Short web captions

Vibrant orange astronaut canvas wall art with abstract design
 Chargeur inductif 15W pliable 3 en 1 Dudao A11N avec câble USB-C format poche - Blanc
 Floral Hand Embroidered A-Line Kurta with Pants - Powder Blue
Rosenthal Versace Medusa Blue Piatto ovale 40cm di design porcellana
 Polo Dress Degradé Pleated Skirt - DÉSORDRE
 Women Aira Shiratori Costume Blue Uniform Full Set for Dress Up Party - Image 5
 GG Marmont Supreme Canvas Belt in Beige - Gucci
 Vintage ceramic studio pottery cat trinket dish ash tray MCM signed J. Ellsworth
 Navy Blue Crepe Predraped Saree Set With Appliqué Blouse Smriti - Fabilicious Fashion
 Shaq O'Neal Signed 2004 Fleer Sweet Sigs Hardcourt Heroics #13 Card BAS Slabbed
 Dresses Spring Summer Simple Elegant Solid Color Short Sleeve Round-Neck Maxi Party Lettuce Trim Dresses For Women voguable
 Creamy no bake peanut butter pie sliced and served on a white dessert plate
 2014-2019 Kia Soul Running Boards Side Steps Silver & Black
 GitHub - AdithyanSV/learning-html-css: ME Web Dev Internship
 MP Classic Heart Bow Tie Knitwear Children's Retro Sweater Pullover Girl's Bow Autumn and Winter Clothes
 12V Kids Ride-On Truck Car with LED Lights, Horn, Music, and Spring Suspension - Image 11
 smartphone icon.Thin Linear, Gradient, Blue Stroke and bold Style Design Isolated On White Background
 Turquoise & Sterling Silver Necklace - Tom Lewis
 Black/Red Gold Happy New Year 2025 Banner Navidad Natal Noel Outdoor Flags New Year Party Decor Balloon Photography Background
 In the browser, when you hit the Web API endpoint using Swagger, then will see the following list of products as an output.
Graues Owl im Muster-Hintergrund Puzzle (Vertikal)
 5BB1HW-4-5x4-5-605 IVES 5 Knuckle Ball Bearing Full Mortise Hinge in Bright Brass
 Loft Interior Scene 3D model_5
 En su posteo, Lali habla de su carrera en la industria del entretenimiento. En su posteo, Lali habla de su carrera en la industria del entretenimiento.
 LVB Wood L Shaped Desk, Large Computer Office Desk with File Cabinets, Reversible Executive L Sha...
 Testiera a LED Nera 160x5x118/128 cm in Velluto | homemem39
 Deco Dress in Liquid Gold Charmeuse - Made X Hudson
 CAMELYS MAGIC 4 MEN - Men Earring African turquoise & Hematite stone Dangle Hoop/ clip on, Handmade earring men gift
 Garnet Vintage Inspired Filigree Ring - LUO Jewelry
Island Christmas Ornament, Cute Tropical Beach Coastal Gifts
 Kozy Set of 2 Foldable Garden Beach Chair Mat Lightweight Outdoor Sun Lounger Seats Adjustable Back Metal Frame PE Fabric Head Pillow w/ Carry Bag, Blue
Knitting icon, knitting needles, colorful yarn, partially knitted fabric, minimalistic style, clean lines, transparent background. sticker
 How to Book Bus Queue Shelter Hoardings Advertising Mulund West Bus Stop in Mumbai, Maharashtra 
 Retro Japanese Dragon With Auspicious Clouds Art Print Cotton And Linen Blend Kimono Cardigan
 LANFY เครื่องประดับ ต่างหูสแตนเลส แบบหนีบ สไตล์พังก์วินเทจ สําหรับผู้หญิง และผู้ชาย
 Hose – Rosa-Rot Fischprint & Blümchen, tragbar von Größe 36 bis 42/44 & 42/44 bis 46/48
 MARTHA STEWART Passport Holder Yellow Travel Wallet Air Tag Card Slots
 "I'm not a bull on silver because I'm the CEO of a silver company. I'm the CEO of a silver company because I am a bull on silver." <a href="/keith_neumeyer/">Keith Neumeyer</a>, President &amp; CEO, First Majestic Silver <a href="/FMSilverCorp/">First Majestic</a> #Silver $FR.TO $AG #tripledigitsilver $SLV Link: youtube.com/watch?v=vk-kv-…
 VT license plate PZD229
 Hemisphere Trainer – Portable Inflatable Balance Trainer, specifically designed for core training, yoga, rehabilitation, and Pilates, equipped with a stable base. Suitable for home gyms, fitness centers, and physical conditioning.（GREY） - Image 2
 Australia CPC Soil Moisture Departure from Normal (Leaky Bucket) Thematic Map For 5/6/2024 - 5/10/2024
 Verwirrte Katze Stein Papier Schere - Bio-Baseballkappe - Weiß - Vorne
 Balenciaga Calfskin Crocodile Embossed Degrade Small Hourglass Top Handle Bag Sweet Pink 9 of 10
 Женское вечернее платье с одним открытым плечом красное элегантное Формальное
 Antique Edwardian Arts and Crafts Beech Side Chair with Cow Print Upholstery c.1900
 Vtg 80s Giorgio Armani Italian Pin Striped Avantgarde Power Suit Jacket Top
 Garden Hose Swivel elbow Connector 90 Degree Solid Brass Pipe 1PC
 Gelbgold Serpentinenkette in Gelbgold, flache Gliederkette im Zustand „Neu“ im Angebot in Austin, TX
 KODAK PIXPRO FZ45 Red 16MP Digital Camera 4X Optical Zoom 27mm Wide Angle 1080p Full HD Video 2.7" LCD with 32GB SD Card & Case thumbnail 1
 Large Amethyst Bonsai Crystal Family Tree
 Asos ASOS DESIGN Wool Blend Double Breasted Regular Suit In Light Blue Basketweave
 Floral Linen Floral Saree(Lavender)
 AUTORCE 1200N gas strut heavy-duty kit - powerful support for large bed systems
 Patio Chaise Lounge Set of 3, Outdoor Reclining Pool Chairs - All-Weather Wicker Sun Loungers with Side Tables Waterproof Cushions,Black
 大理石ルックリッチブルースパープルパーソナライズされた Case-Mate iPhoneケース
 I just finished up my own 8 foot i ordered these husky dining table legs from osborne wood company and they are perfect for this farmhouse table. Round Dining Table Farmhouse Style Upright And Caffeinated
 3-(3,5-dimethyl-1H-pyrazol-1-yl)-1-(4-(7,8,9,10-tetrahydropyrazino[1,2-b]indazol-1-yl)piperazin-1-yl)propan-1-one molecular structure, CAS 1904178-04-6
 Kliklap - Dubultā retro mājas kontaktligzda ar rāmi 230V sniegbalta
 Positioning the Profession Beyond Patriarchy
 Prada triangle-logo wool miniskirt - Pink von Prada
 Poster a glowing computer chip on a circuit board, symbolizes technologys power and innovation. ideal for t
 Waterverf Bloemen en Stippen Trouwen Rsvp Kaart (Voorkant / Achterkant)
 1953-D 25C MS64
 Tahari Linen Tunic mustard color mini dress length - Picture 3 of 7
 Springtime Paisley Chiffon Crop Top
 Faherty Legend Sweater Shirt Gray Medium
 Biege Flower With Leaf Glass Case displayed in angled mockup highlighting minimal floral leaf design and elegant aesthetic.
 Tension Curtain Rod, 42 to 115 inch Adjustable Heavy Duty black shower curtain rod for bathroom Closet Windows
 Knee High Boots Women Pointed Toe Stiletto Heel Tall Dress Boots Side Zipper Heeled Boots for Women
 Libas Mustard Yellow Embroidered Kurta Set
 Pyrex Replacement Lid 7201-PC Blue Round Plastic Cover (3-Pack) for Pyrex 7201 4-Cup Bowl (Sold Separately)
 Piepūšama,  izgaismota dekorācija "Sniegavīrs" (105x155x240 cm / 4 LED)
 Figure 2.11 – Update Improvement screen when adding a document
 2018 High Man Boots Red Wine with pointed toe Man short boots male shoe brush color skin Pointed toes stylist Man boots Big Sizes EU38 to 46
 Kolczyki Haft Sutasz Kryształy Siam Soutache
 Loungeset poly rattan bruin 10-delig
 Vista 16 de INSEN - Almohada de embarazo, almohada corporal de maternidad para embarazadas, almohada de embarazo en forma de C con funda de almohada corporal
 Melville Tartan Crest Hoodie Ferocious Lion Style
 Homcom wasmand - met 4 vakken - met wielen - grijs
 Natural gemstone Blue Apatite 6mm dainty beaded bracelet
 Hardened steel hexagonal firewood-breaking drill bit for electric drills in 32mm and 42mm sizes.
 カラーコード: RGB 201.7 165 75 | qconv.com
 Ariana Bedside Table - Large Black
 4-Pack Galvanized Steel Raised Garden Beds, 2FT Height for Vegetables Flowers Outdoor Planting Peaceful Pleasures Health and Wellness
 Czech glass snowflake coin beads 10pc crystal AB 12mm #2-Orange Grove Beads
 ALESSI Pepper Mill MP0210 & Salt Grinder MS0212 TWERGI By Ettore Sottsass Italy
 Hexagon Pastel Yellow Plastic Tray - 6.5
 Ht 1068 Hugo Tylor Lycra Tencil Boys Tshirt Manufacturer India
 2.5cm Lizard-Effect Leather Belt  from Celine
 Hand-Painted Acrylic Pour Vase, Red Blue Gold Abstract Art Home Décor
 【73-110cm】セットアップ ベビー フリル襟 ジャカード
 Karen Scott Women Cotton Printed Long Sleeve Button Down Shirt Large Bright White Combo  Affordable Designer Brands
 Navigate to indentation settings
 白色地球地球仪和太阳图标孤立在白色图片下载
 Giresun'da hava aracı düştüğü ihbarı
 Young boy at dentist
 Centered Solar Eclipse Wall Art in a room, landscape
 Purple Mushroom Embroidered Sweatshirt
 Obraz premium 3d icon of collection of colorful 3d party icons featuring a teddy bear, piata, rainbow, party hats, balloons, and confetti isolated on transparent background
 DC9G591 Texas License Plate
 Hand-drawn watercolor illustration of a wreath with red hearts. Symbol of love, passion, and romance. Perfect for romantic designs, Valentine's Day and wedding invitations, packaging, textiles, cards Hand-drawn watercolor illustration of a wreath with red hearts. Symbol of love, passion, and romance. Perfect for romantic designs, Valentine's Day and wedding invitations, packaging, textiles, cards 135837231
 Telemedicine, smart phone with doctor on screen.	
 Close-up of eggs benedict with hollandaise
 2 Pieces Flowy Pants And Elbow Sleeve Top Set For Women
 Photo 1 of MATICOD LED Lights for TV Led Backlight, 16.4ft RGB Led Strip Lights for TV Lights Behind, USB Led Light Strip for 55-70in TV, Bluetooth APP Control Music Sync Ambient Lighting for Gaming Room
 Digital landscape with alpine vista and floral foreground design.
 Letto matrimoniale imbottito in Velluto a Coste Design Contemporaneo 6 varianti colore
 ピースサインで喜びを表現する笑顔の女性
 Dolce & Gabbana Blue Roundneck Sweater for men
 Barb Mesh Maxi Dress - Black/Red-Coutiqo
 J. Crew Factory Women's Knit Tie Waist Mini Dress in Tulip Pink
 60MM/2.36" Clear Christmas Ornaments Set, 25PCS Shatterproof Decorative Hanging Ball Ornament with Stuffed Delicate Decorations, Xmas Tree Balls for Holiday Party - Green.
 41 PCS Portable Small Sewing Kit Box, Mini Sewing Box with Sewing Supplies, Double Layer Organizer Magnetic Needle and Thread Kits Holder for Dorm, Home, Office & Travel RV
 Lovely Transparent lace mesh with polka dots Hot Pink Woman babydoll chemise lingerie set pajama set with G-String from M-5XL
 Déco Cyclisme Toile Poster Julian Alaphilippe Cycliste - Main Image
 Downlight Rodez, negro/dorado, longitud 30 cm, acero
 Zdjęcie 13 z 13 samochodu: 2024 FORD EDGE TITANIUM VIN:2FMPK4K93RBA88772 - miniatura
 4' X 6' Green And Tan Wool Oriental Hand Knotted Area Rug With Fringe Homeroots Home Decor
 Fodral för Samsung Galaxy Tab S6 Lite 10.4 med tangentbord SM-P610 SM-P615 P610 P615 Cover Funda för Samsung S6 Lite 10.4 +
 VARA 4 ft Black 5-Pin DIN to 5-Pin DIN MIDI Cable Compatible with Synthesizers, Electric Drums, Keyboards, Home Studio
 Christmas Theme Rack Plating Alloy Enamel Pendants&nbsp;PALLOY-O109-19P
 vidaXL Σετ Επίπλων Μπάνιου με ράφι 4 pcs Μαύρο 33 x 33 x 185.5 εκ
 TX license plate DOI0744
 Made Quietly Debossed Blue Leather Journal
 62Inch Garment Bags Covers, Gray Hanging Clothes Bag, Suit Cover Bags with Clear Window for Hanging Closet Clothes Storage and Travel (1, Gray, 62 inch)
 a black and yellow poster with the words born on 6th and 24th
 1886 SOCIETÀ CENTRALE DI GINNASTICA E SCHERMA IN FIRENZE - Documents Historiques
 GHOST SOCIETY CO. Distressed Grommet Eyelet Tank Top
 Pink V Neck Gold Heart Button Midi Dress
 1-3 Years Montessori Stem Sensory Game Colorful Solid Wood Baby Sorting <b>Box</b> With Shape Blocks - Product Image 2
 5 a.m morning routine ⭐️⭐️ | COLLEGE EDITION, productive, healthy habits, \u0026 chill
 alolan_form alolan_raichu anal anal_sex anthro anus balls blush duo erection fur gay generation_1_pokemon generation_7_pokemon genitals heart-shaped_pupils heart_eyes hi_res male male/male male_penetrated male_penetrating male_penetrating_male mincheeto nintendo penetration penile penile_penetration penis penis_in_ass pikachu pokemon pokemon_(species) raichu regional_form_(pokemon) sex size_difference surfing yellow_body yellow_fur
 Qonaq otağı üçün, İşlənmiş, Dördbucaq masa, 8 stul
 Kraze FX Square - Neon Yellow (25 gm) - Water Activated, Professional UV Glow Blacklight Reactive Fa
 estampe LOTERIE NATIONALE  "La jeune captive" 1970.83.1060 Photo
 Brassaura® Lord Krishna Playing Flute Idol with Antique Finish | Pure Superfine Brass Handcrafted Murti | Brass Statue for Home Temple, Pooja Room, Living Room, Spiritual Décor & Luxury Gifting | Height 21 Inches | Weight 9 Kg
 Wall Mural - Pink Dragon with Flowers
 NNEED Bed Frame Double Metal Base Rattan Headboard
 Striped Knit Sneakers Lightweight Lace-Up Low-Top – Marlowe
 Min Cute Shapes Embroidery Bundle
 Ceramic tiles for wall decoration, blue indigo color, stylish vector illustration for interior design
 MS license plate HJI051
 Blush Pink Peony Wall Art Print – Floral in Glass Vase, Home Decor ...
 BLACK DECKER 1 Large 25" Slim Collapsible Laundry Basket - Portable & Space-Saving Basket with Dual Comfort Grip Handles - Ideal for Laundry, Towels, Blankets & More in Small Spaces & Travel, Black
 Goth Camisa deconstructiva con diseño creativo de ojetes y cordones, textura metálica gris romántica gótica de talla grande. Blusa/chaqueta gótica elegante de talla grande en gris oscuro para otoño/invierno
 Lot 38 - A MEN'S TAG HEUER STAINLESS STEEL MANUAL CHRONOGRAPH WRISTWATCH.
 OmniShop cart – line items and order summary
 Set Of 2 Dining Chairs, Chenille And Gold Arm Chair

## EXERCISE
An exact, complete copy of the lines above from the one with "Large Amethyst Bonsai Crystal Family Tree" through the one with "AUTORCE 1200N gas" is the whole answer.

## RESPONSE TO THIS TASK
 Large Amethyst Bonsai Crystal Family Tree
 Asos ASOS DESIGN Wool Blend Double Breasted Regular Suit In Light Blue Basketweave
 Floral Linen Floral Saree(Lavender)
 AUTORCE 1200N gas strut heavy-duty kit - powerful support for large bed systems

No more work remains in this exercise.